Any comments welcome: <email address removed>
Cheers, robin_de_vaucelles—Preceding unsigned comment added by Robin de vaucelles (talk • contribs) 21:44, 22 May 2007
- Sounds 100% valid to me. Thanks for catching this! Awickert (talk) 17:34, 7 March 2009 (UTC)
Hello Shallow Water;
Very nice, concise article. I believe that there are some typos in the equations that could be easily fixed. The first three equations have eta where I believe you meant h = H + eta, the layer thickness. I would write the sixth equation in the material derivative form, also.
Regards, Jim Price. —Preceding unsigned comment added by 128.128.28.248 (talk) 15:25, 7 October 2010 (UTC)
Merger proposal
[edit]The recently created entry 1-D Saint Venant equation is a duplicate/extension of the existing entry Shallow water equations. Both pages should be merged, so that users find the information about the SV/SW equation collected on one page. — Preceding unsigned comment added by Pia novice (talk • contribs) 12:05, 25 July 2013 (UTC)
- Looks like there's no consensus, so I'm removing the tag for now. KJ Discuss? 23:59, 24 August 2014 (UTC)
- I agree that the articles should be merged – the 1-D SV equation is merely a special case of the SWE, with the same physical interpretations. --jftsang 21:22, 15 June 2015 (UTC)
Done
File:Shallow water waves.gif to appear as POTD
[edit]Hello! This is a note to let the editors of this article know that File:Shallow water waves.gif will be appearing as picture of the day on May 3, 2015. You can view and edit the POTD blurb at Template:POTD/2015-05-06. If this article needs any attention or maintenance, it would be preferable if that could be done before its appearance on the Main Page. Thanks! — Crisco 1492 (talk) 23:42, 14 April 2015 (UTC)
The shallow water equations are a set of hyperbolic partial differential equations that describe the flow below a pressure surface in a fluid. They are derived from depth-integrating the Navier–Stokes equations in cases where the horizontal length scale is much greater than the vertical length scale. The shallow water equations can also be simplified to the commonly used 1-D Saint Venant equation.Animation: Dan Copsey
Issues with the section “Non-conservative form”
[edit]Hi there,
I noticed that the set of equations in the "Non-conservative form" are based on different assumptions as in "conservative form" equations, and although most of them are briefly stated, this is not a great way to present these equations. I think we should keep the assumptions same, so that it can be more accessible to new learners.
Moreover, there is at least one assumption that is not made explicit there.

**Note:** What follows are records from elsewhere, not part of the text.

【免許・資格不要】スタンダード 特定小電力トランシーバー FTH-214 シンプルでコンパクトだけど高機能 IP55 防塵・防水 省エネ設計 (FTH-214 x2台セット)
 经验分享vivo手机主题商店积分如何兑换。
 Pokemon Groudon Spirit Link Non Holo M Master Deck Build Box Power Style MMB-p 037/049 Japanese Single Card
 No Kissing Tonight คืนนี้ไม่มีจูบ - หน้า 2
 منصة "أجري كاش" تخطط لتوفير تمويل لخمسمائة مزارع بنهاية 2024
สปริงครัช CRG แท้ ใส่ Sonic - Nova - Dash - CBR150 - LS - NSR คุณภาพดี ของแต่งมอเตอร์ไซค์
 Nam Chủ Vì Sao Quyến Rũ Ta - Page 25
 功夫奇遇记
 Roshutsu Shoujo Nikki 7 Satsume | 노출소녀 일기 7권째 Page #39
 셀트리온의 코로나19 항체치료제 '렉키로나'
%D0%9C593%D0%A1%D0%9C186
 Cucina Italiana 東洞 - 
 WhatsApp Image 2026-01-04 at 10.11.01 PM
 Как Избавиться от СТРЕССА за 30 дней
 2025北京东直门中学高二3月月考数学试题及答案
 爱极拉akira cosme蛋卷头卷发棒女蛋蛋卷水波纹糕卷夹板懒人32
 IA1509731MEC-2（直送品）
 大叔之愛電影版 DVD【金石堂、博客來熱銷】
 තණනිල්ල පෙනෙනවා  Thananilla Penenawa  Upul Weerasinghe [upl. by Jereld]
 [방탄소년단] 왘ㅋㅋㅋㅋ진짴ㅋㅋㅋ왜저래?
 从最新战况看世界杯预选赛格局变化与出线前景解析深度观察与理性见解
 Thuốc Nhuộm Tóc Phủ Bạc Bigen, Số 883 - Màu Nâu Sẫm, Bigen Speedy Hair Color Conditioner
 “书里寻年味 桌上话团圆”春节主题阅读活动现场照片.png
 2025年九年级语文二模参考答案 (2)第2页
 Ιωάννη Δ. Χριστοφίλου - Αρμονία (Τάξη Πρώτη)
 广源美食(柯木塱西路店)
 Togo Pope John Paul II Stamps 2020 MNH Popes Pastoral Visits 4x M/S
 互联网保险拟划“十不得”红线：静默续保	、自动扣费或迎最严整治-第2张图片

Clearly, the set of equations listed there are written in a system where the Coriolis force is along the z direction; or, the Coriolis force along the horizontal direction can be neglected compared to the vertical component. Plus, I think the "traditional approximation" in GFD is also applied here; it neglects a few quadratic terms in the momentum equations. One can refer to classic GFD textbooks on the traditional approxiamtion (e.g. Geoffrey Vallis Chapter 2, I think). These are sound, common approximations for many practical fluid systems, especially for large scale planetary motions, but they still need to be stated if you want to write them down.
I would suggest just keeping the assumptions in the two sections the same. To make life easier, we can write the "Non-conservative form" equations in a non-rotating system and ignore friction and viscosity. Then, we can write another section introducing the equations in a shallow-water system that has a constant Coriolis frequency along z axis, and is affected by viscosity &friction.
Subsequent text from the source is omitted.